*Work item*
Copy nothing but the lines below running from the line containing "Transport line icons, car, van, bus, train, plane, ship, round" through the line containing "Linique 6-Piece Extendable", both end lines included.

*Source records*
======

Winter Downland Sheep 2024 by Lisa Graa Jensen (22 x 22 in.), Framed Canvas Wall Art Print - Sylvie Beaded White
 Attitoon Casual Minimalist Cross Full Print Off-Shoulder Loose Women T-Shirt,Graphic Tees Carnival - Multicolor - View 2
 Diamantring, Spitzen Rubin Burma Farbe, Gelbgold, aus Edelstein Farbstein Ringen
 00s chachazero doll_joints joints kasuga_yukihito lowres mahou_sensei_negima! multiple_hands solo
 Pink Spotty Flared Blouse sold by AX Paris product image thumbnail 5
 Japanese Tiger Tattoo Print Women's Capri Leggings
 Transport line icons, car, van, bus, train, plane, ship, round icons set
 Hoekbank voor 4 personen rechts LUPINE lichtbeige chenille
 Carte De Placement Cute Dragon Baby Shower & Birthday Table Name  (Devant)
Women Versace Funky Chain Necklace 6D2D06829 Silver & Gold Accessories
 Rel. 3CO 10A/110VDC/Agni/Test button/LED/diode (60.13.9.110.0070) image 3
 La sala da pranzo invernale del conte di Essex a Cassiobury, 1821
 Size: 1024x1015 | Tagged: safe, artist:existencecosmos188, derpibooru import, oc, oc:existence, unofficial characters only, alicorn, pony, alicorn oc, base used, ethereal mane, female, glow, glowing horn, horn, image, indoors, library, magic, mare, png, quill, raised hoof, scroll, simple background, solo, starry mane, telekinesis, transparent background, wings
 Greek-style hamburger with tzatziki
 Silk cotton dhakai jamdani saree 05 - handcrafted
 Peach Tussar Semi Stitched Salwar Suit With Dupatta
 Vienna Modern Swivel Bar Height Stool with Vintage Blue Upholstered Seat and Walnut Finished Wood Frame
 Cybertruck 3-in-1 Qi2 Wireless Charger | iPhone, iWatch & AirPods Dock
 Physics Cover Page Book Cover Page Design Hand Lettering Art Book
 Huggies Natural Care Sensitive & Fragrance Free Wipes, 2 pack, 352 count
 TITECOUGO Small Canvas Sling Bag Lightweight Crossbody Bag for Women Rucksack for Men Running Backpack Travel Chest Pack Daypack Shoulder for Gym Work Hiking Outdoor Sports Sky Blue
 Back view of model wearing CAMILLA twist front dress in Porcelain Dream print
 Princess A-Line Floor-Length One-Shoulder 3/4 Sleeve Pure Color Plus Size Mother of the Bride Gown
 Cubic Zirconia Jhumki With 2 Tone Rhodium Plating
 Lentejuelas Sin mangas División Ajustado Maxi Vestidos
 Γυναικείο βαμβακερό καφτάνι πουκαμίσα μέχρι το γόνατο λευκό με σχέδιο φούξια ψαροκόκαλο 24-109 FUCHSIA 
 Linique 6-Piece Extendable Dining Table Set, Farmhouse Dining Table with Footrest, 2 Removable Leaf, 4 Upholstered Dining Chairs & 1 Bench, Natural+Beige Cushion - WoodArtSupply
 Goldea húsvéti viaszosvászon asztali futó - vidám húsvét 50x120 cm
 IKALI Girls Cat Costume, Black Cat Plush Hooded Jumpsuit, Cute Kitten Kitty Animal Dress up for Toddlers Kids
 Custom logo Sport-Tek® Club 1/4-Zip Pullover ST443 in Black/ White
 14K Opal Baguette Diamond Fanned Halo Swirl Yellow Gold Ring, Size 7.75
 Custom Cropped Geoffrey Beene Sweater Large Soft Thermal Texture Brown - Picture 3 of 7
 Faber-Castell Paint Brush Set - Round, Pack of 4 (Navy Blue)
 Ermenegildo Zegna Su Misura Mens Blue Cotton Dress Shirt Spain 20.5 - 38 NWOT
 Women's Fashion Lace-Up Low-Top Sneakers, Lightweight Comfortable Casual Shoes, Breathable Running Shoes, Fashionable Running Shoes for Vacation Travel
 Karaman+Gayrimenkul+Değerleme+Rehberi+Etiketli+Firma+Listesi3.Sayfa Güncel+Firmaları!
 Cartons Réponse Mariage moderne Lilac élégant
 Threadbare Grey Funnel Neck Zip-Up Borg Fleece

======

*Problem solution*
 Transport line icons, car, van, bus, train, plane, ship, round icons set
 Hoekbank voor 4 personen rechts LUPINE lichtbeige chenille
 Carte De Placement Cute Dragon Baby Shower & Birthday Table Name  (Devant)
Women Versace Funky Chain Necklace 6D2D06829 Silver & Gold Accessories
 Rel. 3CO 10A/110VDC/Agni/Test button/LED/diode (60.13.9.110.0070) image 3
 La sala da pranzo invernale del conte di Essex a Cassiobury, 1821
 Size: 1024x1015 | Tagged: safe, artist:existencecosmos188, derpibooru import, oc, oc:existence, unofficial characters only, alicorn, pony, alicorn oc, base used, ethereal mane, female, glow, glowing horn, horn, image, indoors, library, magic, mare, png, quill, raised hoof, scroll, simple background, solo, starry mane, telekinesis, transparent background, wings
 Greek-style hamburger with tzatziki
 Silk cotton dhakai jamdani saree 05 - handcrafted
 Peach Tussar Semi Stitched Salwar Suit With Dupatta
 Vienna Modern Swivel Bar Height Stool with Vintage Blue Upholstered Seat and Walnut Finished Wood Frame
 Cybertruck 3-in-1 Qi2 Wireless Charger | iPhone, iWatch & AirPods Dock
 Physics Cover Page Book Cover Page Design Hand Lettering Art Book
 Huggies Natural Care Sensitive & Fragrance Free Wipes, 2 pack, 352 count
 TITECOUGO Small Canvas Sling Bag Lightweight Crossbody Bag for Women Rucksack for Men Running Backpack Travel Chest Pack Daypack Shoulder for Gym Work Hiking Outdoor Sports Sky Blue
 Back view of model wearing CAMILLA twist front dress in Porcelain Dream print
 Princess A-Line Floor-Length One-Shoulder 3/4 Sleeve Pure Color Plus Size Mother of the Bride Gown
 Cubic Zirconia Jhumki With 2 Tone Rhodium Plating
 Lentejuelas Sin mangas División Ajustado Maxi Vestidos
 Γυναικείο βαμβακερό καφτάνι πουκαμίσα μέχρι το γόνατο λευκό με σχέδιο φούξια ψαροκόκαλο 24-109 FUCHSIA 
 Linique 6-Piece Extendable Dining Table Set, Farmhouse Dining Table with Footrest, 2 Removable Leaf, 4 Upholstered Dining Chairs & 1 Bench, Natural+Beige Cushion - WoodArtSupply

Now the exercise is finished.